- What you should do -
Would you reproduce, word for word, only the lines running from the top of the data through the line containing "Une chambre avec", and none of the pictures?
*** Extracted records
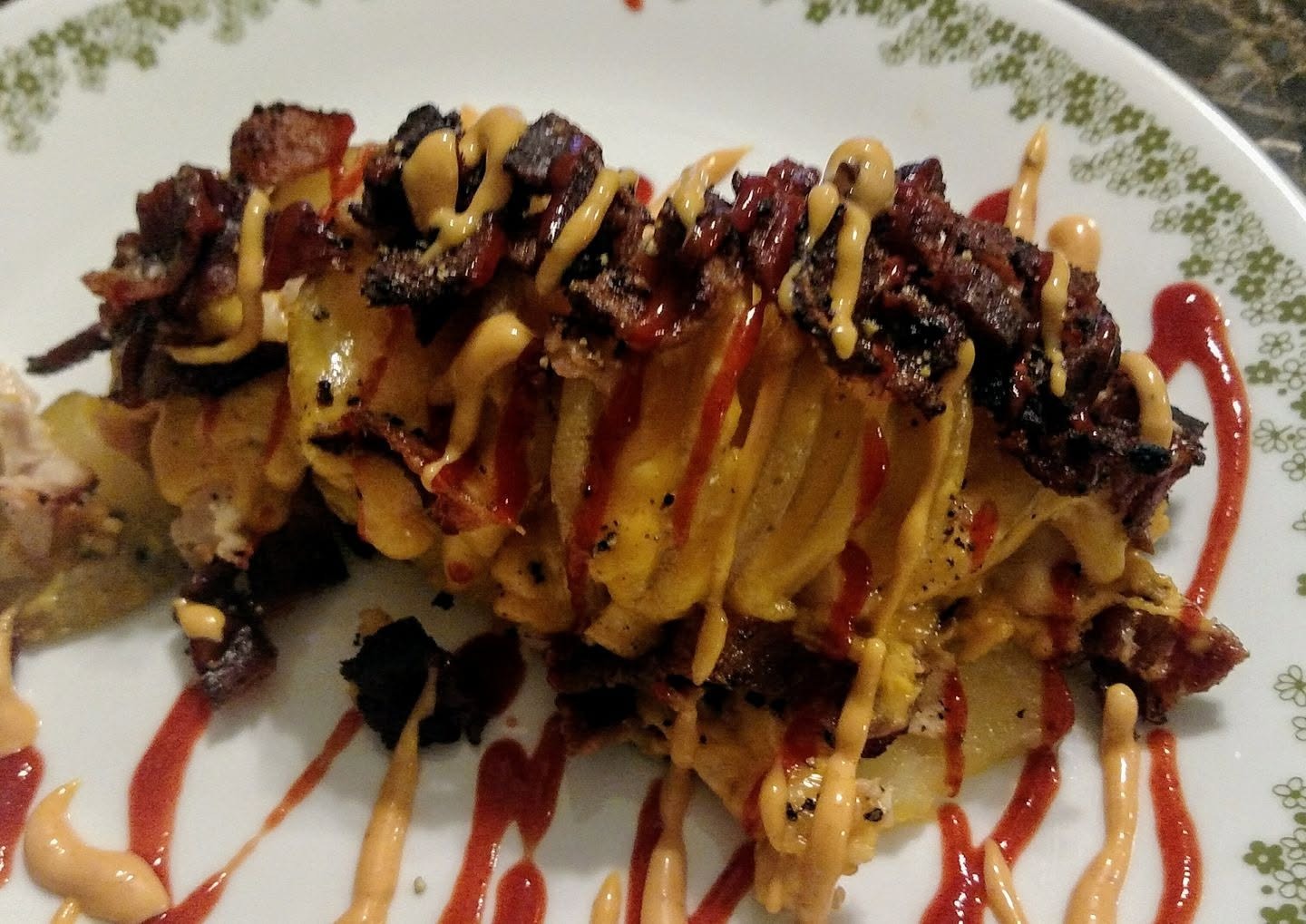 Stuffed Potato Snack Snack -potato, sliced turkey, bacon, extra sharp cheddar with a sriracha sauce and sriracha chili drizzle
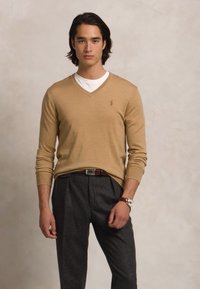 Pull beige en V en tissu léger, avec des manches longues et un petit logo sur la poitrine, associé à un pantalon gris ajusté.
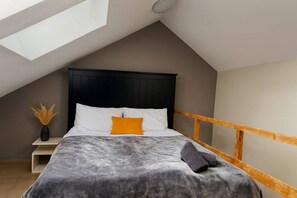 Une chambre avec un plafond en pente, un lit doté d’une tête de lit sombre, des coussins blancs et orange, une couverture grise, une table de chevet en bois avec un vase, et un rebord de fenêtre en bois.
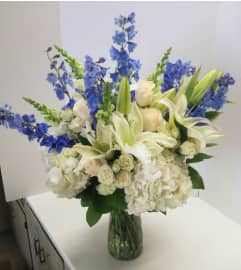 Blooms in White and Blue. An arrangement by Violeta's Flower Shop.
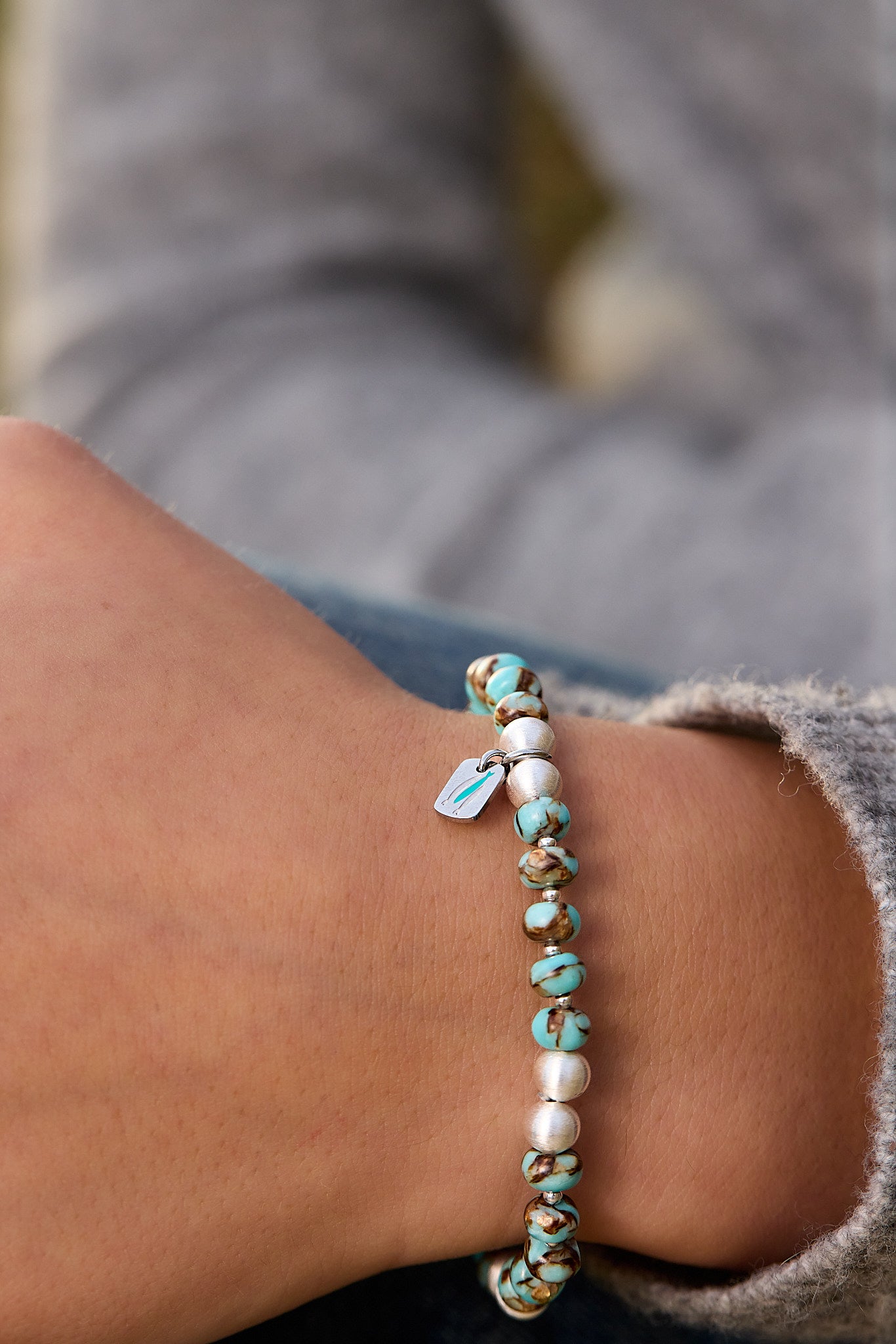 Close-up of a bracelet with turquoise and white beads on a wrist.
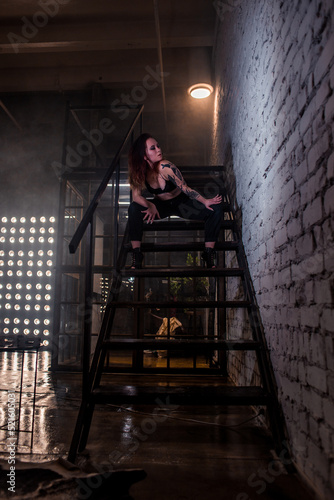 Sexy girl dance on front of spot light wall with smoke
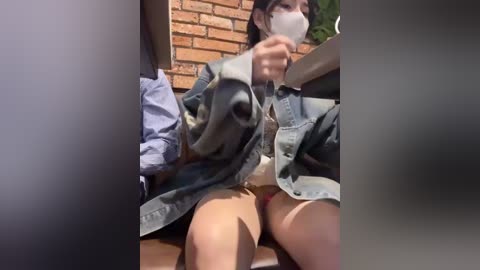 Media: Video of an Asian woman wearing a denim jacket, mask, and red panties, sitting on a wooden floor with a brick wall in the background, partially obscured by a blurred foreground.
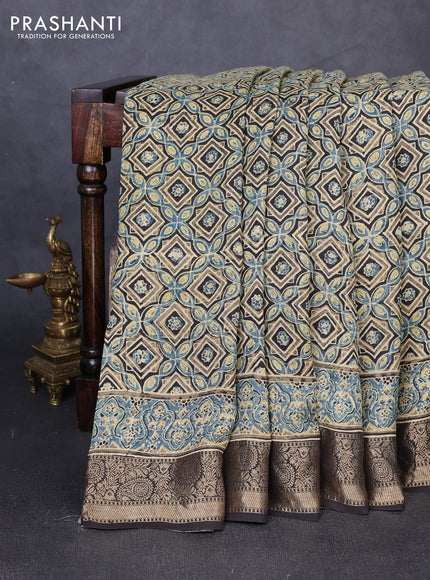 Dola silk saree indigo blue and black with allover ajrakh prints and zari woven border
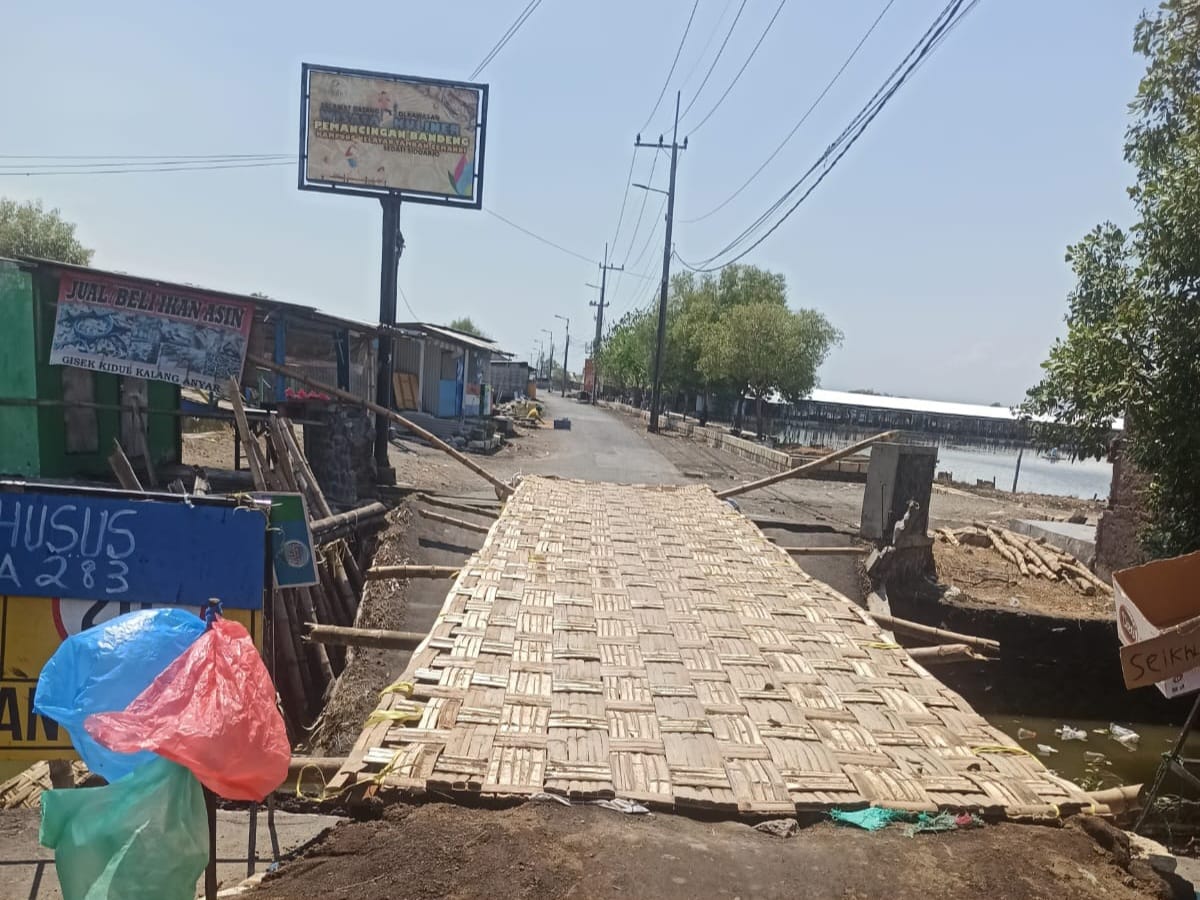 TAK KUNJUNG DIPERBAIKI: Warga Dusun Gisik Kidul, Desa Tambak Cemandi membangun jembatan sementara dari anyaman bambu.&nbsp;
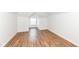 The bedroom is a bright space with updated floors and neutral walls at 1521 Lawton Ave, Indianapolis, IN 46203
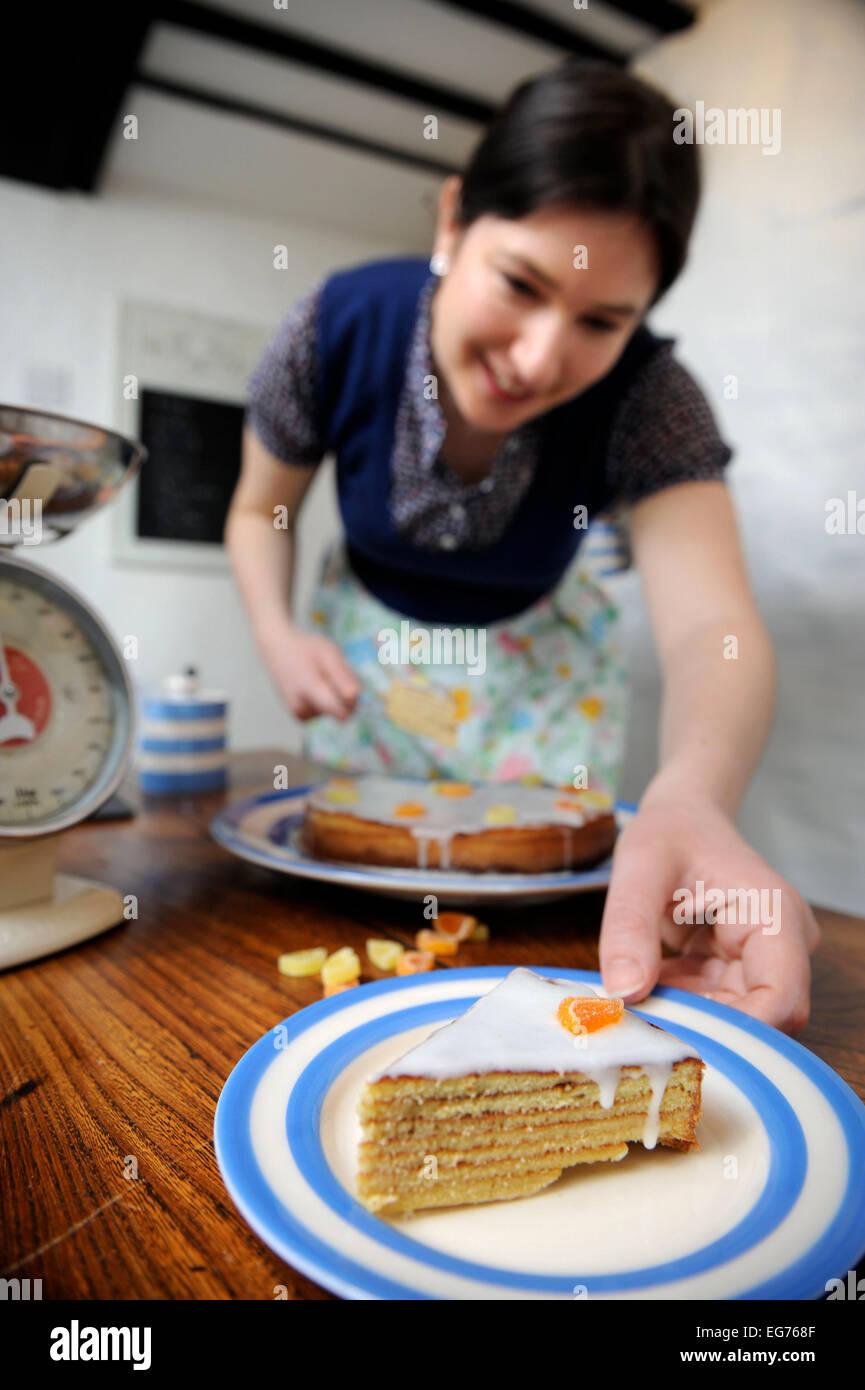 A home baker baking a Baumtorte cake UK Stock Photo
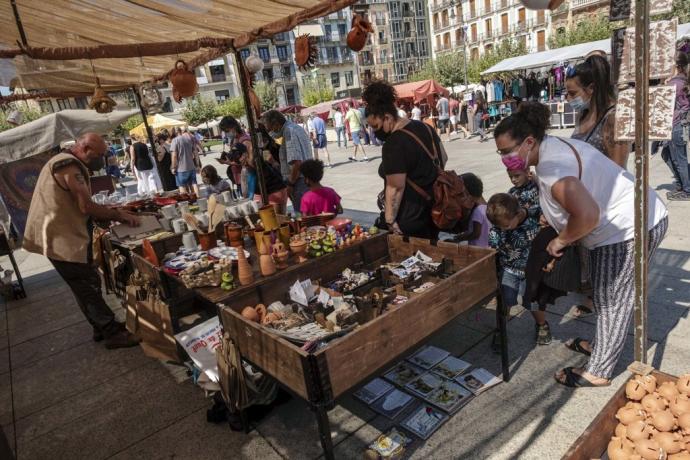 Visitantes del mercadillo medieval disfrutan las figuras de uno de los puestos de la Plaza del Castillo.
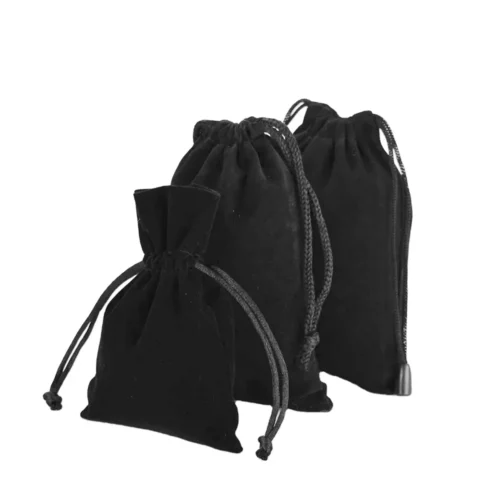 Three custom black velvet drawstring bags in varying sizes, showcasing the soft texture and drawstring closure.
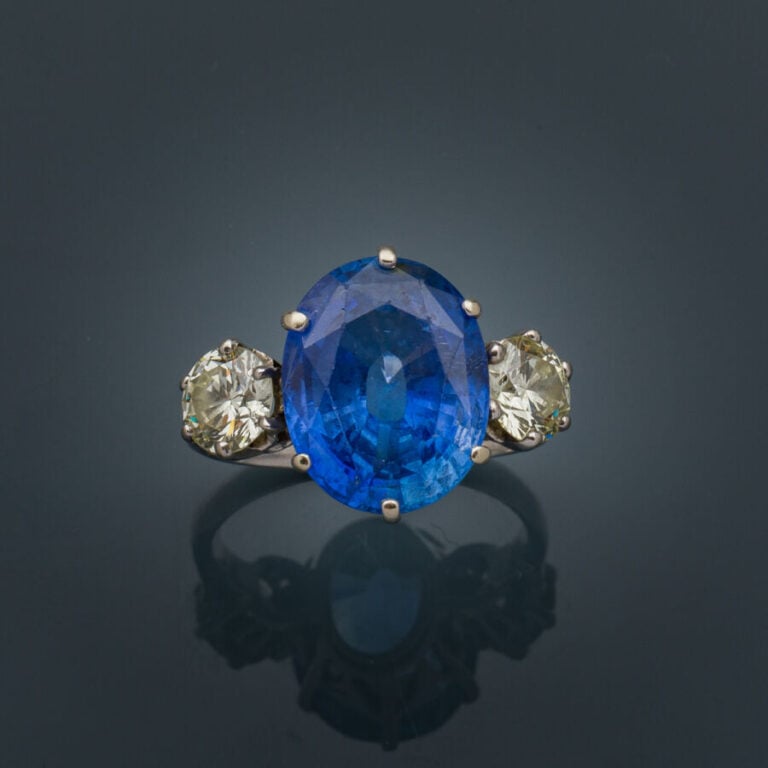 BAGUE en or gris (750‰) serti d'un saphir ovale CEYLAN NON CHAUFFE, épaulé de d…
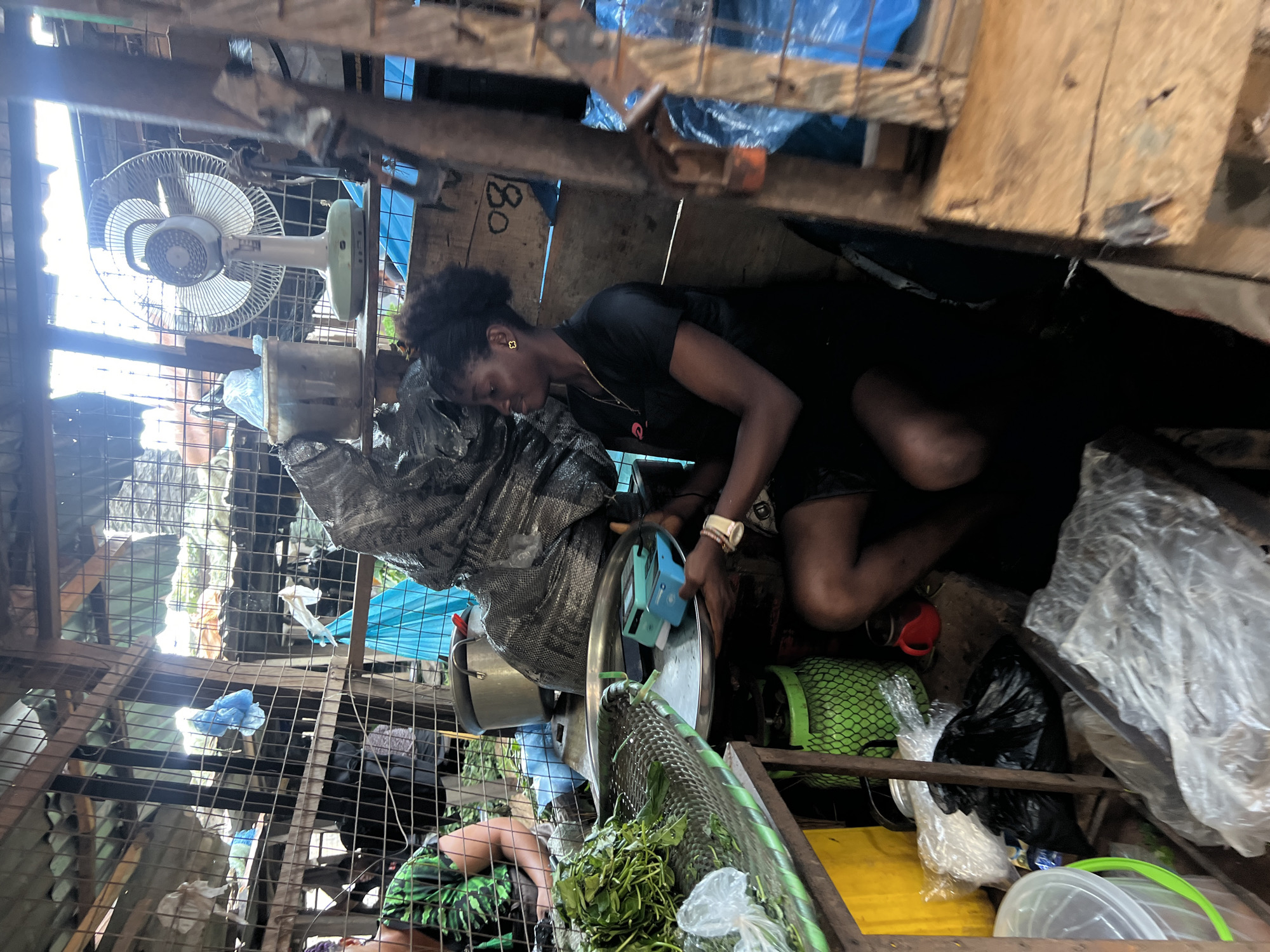 In Nkpor, Nigeria, a Black woman with dark, curly hair pulled back sits in a crowded marketplace stall. She is wearing a black t-shirt and dark shorts, and her legs are bent as she crouches. In her hands, she holds a large silver tray containing two small, teal electronic devices. To her left, a pile of green leafy vegetables is displayed on a green-rimmed surface. Behind her, a large, grey, crinkled bag dominates the background. The stall is constructed with rustic wooden beams and corrugated metal roofing, with various items including plastic bags, a red mug, and a green propane tank scattered around. A white electric fan is visible on a shelf in the upper right corner. The scene depicts a typical market setting, likely a vendor preparing for or engaged in business.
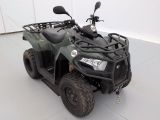 une photo d'un quad vert garé dans un garage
******
- Answer section -
 Stuffed Potato Snack Snack -potato, sliced turkey, bacon, extra sharp cheddar with a sriracha sauce and sriracha chili drizzle
 Pull beige en V en tissu léger, avec des manches longues et un petit logo sur la poitrine, associé à un pantalon gris ajusté.
 Une chambre avec un plafond en pente, un lit doté d’une tête de lit sombre, des coussins blancs et orange, une couverture grise, une table de chevet en bois avec un vase, et un rebord de fenêtre en bois.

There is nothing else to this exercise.